Trapped! (2007–2009)
Each contestant is given an earpiece receiver, or "Whisper Clip," that they must wear during the competition. Each floor of the tower poses a different challenge to the team, demonstrated by Wiley while the Caretaker provides instructions through both live commentary and pre-recorded voiceover. Before each challenge begins, one contestant is informed by The Voice, via their Whisper Clip that they have been chosen to act as a "Saboteur," and must try to make the team fail without being detected by the others. Throughout each task, The Voice guides the Saboteur via the Whisper Clip attached to their ear, advising them of the best way to successfully sabotage each task.

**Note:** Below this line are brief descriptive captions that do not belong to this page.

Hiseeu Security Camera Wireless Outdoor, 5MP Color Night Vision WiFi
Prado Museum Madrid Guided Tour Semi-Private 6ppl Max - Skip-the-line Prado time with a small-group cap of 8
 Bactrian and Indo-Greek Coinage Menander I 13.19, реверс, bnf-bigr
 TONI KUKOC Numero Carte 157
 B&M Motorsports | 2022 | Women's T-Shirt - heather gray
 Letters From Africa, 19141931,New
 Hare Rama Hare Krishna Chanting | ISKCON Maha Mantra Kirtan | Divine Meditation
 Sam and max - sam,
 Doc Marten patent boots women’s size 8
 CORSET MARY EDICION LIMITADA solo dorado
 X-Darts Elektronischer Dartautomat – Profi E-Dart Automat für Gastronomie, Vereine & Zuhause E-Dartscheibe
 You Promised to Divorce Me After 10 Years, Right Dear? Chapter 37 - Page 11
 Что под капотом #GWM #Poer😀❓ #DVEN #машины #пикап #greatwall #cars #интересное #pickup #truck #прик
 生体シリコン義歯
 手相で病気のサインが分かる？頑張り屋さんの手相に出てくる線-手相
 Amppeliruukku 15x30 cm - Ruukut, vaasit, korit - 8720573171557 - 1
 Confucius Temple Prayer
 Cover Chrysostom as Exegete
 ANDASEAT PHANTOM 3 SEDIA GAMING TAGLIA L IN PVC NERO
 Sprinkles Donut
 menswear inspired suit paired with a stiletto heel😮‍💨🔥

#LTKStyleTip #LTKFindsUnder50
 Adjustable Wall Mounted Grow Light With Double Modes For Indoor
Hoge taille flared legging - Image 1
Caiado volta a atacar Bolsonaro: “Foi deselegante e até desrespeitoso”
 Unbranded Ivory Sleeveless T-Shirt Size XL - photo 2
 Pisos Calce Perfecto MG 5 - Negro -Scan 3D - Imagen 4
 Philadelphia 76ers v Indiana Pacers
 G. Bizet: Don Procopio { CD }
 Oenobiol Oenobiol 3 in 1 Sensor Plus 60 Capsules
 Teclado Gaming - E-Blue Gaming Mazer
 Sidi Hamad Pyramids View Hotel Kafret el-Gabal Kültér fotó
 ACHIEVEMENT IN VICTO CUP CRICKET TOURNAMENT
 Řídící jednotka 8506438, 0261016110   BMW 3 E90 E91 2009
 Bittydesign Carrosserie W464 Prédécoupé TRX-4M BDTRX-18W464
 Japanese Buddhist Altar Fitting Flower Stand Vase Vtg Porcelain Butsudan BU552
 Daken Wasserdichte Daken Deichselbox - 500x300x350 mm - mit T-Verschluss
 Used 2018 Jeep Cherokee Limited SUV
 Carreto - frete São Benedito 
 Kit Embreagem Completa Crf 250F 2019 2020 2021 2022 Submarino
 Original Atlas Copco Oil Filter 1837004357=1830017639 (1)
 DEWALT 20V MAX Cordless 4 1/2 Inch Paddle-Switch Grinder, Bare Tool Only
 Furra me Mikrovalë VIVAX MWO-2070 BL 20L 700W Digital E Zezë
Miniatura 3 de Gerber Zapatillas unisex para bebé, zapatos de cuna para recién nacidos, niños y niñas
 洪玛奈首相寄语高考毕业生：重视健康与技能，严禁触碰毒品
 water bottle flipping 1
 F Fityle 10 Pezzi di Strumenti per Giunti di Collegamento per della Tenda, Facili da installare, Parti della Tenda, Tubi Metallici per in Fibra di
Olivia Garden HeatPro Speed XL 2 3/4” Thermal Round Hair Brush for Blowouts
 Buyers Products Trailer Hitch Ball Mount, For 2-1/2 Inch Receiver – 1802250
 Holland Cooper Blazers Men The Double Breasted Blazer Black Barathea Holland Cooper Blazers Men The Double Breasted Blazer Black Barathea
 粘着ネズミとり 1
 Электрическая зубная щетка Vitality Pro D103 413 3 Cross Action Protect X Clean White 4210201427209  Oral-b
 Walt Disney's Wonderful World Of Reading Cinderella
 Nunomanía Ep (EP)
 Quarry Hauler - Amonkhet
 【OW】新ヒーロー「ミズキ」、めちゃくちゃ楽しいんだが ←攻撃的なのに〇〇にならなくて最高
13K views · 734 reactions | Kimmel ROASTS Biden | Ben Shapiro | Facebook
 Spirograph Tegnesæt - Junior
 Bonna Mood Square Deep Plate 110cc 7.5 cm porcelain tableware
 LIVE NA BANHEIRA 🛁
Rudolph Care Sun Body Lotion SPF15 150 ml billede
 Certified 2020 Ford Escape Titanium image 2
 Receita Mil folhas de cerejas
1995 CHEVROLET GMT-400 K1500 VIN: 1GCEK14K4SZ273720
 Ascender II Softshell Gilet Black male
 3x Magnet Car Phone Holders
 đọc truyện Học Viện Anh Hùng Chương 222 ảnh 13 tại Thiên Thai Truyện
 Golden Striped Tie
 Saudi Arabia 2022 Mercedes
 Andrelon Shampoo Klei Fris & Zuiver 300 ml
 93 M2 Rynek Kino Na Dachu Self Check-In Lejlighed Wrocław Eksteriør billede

If the team passes the challenge, the Saboteur becomes trapped on that floor and the others move down through the tower. If the team fails, each contestant casts one vote as to the Saboteur's identity; the one who receives the most votes becomes trapped, whether or not they were the Saboteur. A "draw straws" box is used in the event of a tie, and the one who draws the shortest straw is trapped.

The last two contestants compete in "The Fight for Freedom," a timed quiz consisting of alternating questions that tests their recall of the events of the episode. When time runs out, the high scorer wins the game and uses the Key of Freedom to leave the tower.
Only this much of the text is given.